Class Incremental Learning with Self-Supervised Pre-Training and
Prototype Learning
- URL: http://arxiv.org/abs/2308.02346v1
- Date: Fri, 4 Aug 2023 14:20:42 GMT
- Title: Class Incremental Learning with Self-Supervised Pre-Training and
Prototype Learning
- Authors: Wenzhuo Liu, Xinjian Wu, Fei Zhu, Mingming Yu, Chuang Wang, Cheng-Lin
Liu
- Abstract summary: We analyze the causes of catastrophic forgetting in class incremental learning.
We propose a two-stage learning framework with a fixed encoder and an incrementally updated prototype classifier.
Our method does not rely on preserved samples of old classes, is thus a non-exemplar based CIL method.
- Score: 21.901331484173944
- License: http://arxiv.org/licenses/nonexclusive-distrib/1.0/
- Abstract: Deep Neural Network (DNN) has achieved great success on datasets of closed
class set. However, new classes, like new categories of social media topics,
are continuously added to the real world, making it necessary to incrementally
learn. This is hard for DNN because it tends to focus on fitting to new classes
while ignoring old classes, a phenomenon known as catastrophic forgetting.

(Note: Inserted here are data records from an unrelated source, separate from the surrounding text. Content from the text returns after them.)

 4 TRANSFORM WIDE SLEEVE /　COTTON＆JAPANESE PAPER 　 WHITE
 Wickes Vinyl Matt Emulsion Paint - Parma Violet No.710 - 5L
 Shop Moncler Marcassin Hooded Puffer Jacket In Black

State-of-the-art methods rely on knowledge distillation and data replay
techniques but still have limitations. In this work, we analyze the causes of
catastrophic forgetting in class incremental learning, which owes to three
factors: representation drift, representation confusion, and classifier
distortion. Based on this view, we propose a two-stage learning framework with
a fixed encoder and an incrementally updated prototype classifier. The encoder
is trained with self-supervised learning to generate a feature space with high
intrinsic dimensionality, thus improving its transferability and generality.

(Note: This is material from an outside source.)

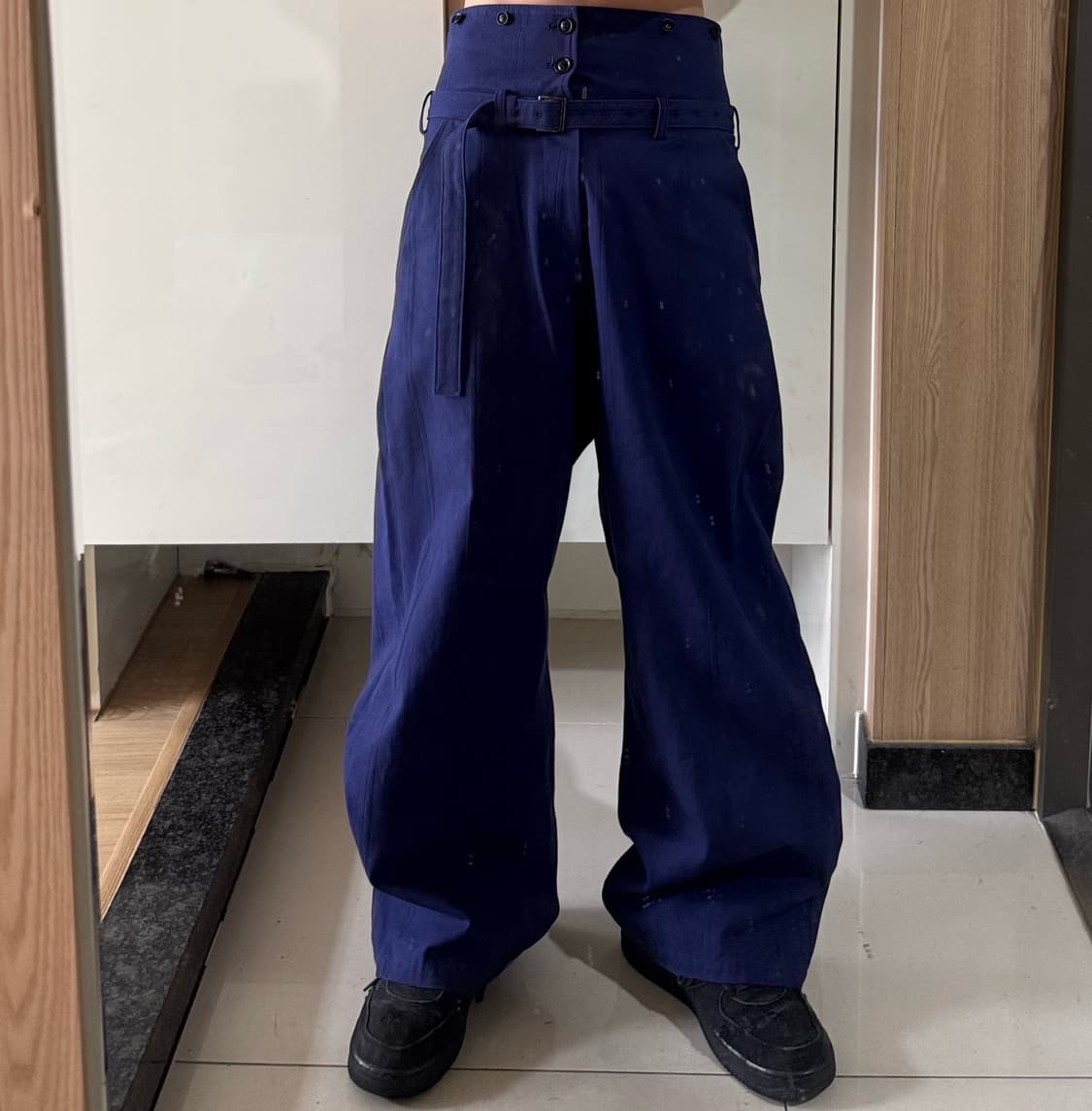 요지야마모토 하이웨스트 팬츠 상품이미지1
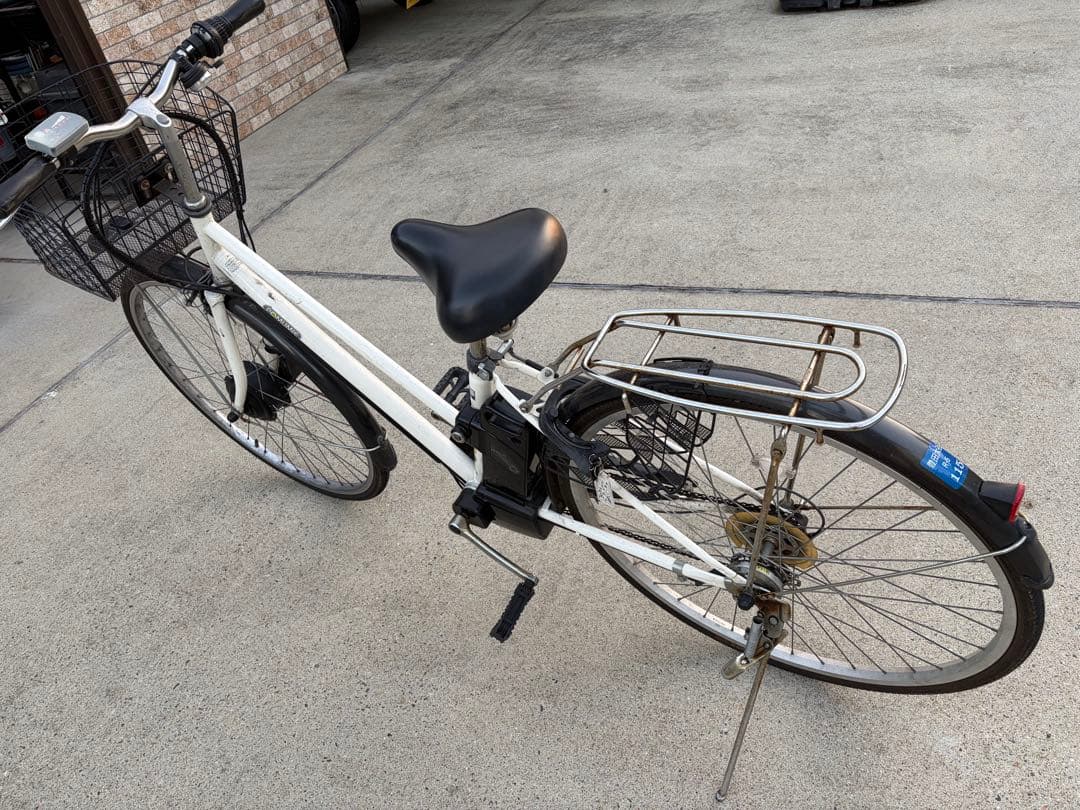 電動アシスト自転車 シティタイプ ホワイト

The classifier incrementally learns new prototypes while retaining the
prototypes of previously learned data, which is crucial in preserving the
decision boundary.Our method does not rely on preserved samples of old classes,
is thus a non-exemplar based CIL method. Experiments on public datasets show
that our method can significantly outperform state-of-the-art exemplar-based
methods when they reserved 5 examplers per class, under the incremental setting
of 10 phases, by 18.24% on CIFAR-100 and 9.37% on ImageNet100.